La seconda posizione, coltivata attualmente, è quella secondo cui i diritti trovano il proprio fondamento solo nelle deliberazioni di un’assemblea di cittadini. Ma anche qui si evidenzia un’estrema fragilità. Se i diritti dell’uomo, infatti, trovano il loro fondamento unicamente nelle deliberazioni maggioritarie delle assemblee parlamentari, essi possono essere cambiati in ogni momento. Ne consegue che il dovere di rispettarli e perseguirli si allenta nella coscienza comune. I Governi e gli Organismi internazionali possono allora dimenticare l’oggettività e l’«indisponibilità» dei diritti. Quando ciò avviene, la buona politica, il vero sviluppo dei popoli e la pace sono messi in pericolo.

Per queste ragioni, è importante andare alla ricerca di un fondamento meno labile, ossia metapositivo ed etico, prestatuale, per i diritti, e procedere all’educazione della coscienza dei cittadini e dei popoli.

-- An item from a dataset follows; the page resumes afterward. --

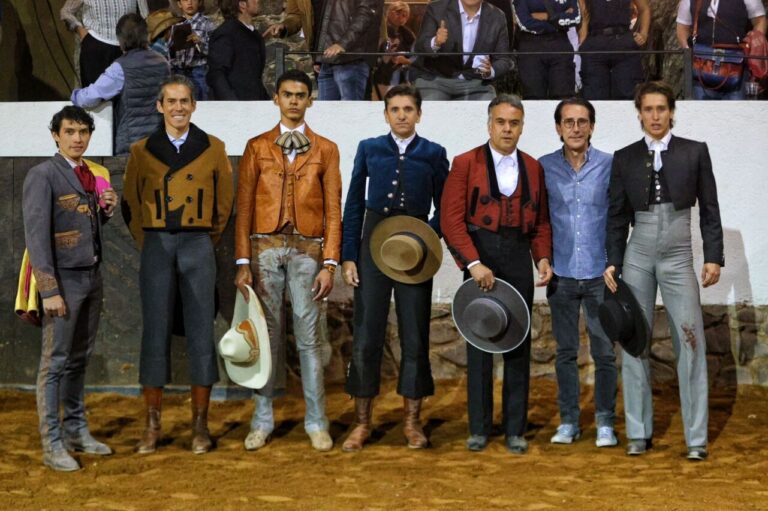 Arturo Gilio et Fonseca, oreilles de queue de cheval au festival « El Toreo Dresses in Blue »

In una situazione di pluralismo culturale spesso divaricato e, quindi, con l’impossibilità pratica di una convergenza minima, si dice che ci si dovrebbe accontentare di omologare i diritti così come sono percepiti dall’ethos popolare vigente, spesso sfuocato o manipolato dai mezzi di comunicazione sociale.

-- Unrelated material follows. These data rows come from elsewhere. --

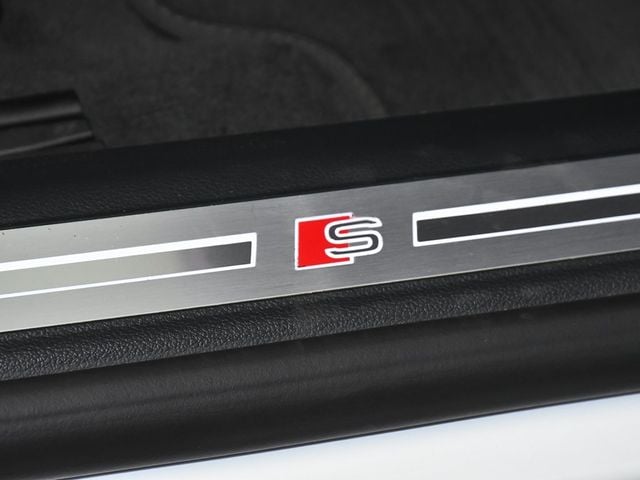 2022 Audi S8 4.0T - 22984599 - 21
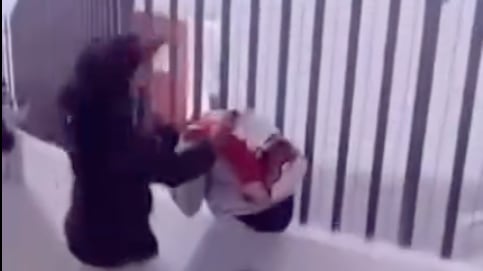 Un estudiante fue brutalmente golpeado en los exteriores de un colegio en el norte de Quito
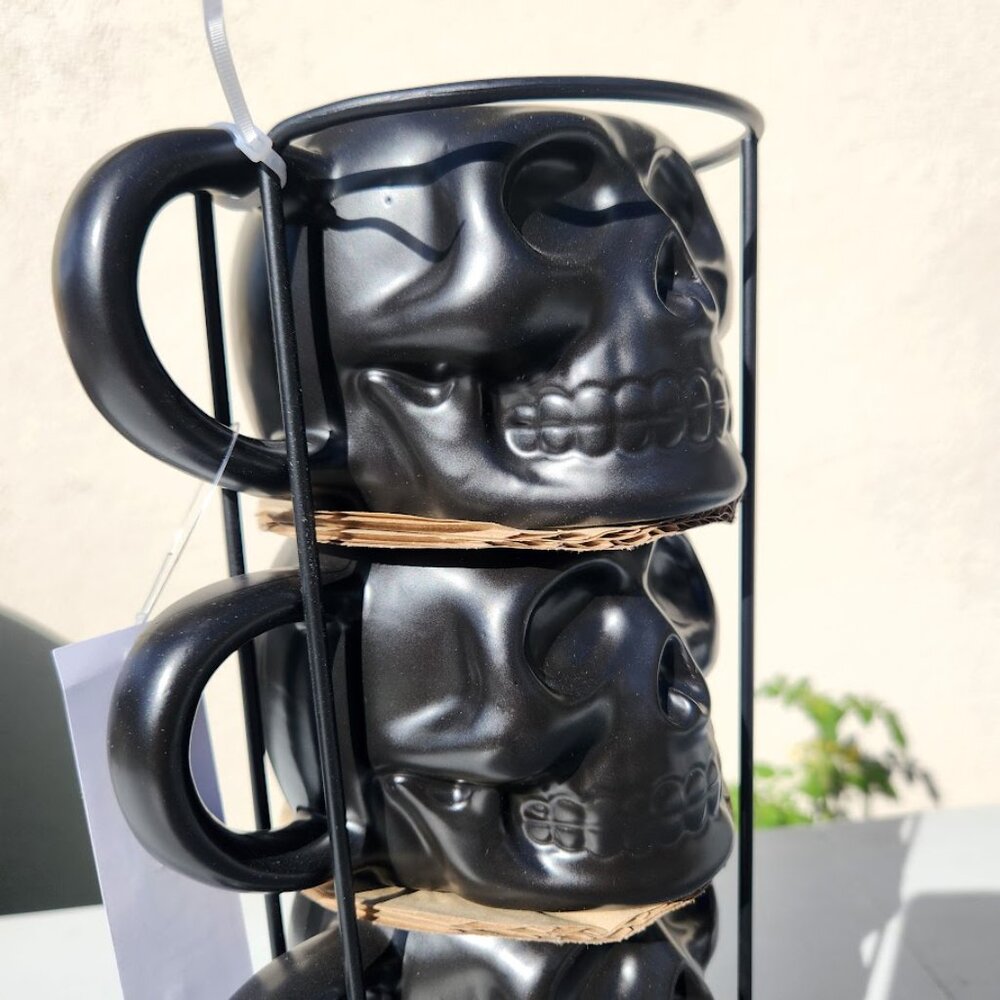 NEW Skull Mug Set of 4 Stackable Mugs Dia De Los Muertos Skulls Halloween Stonew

Ma questa posizione, come già accennato, non istituisce un vaglio critico circa la rettitudine della coscienza popolare, ed espone alla registrazione del semplice dato storico. In questa linea si collocano l’americano Richard Rorty e gli italiani Gianni Vattimo e Norberto Bobbio, scomparso alcuni anni fa, il quale riteneva che la ricerca di un fondamento certo per i diritti fosse un’impresa disperata. E tuttavia, senza un tale fondamento i diritti non sarebbero incontrovertibili, bensì momenti passeggeri della coscienza storica. Non si potrebbe procedere a distinguere i veri diritti da quelli falsi.

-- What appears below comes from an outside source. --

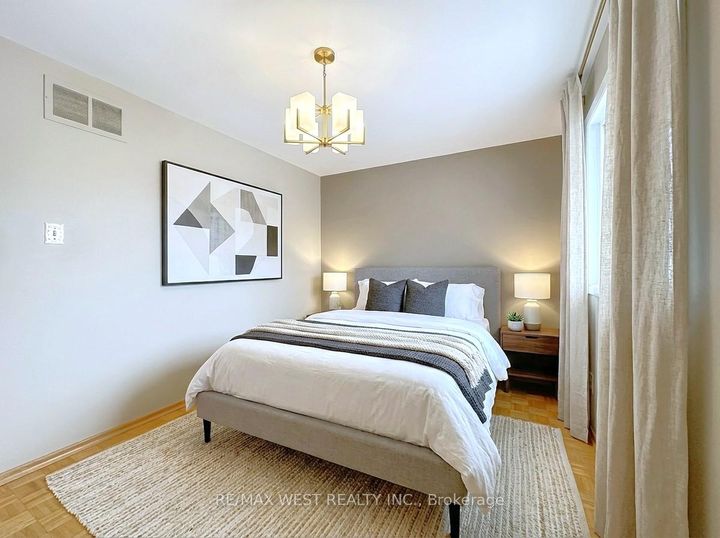 Photo 36 at 20 Foxwood Grove, L'Amoreaux, Toronto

Si è così di fronte a un bivio. O si ammette che i diritti sono controvertibili e pertanto mutevoli, o si procede alla ricerca di un fondamento certo per le norme morali e per i diritti.

Come insegnano la DSC e lo stesso Tommaso d’Aquino, il fondamento incontrovertibile della legge morale e dei diritti è da ricercare nell’essere umano, in quanto capax (non si tratta solo di capacità intellettuale, ma anche morale, sulla base della libertà e della responsabilità…) veri, boni et Dei.

Si può pensare che tutte le culture, pur diverse, accettano universalmente i diritti e li riconducono ad un fondamento certo, quando si riconoscano partecipi di una comune ricerca del vero bene umano, ricerca che può attingere la legge morale, la quale è seminata da Dio nelle coscienze. È nella capacità umana di perseguire la ricerca del bene, di riconoscerlo, di aderirvi liberamente orientandosi a Dio, che si trova il fondamento dell’inviolabilità della dignità della persona e dei suoi diritti. Tale fondamento, tra l’altro, fornisce la ragione della benevolenza e del rispetto dell’altro, della collaborazione ad imprese comuni, dell’inviolabilità delle regole di giustizia, che debbono consentire a ciascuno la ricerca dei beni necessari, ivi compreso il Bene sommo, Dio.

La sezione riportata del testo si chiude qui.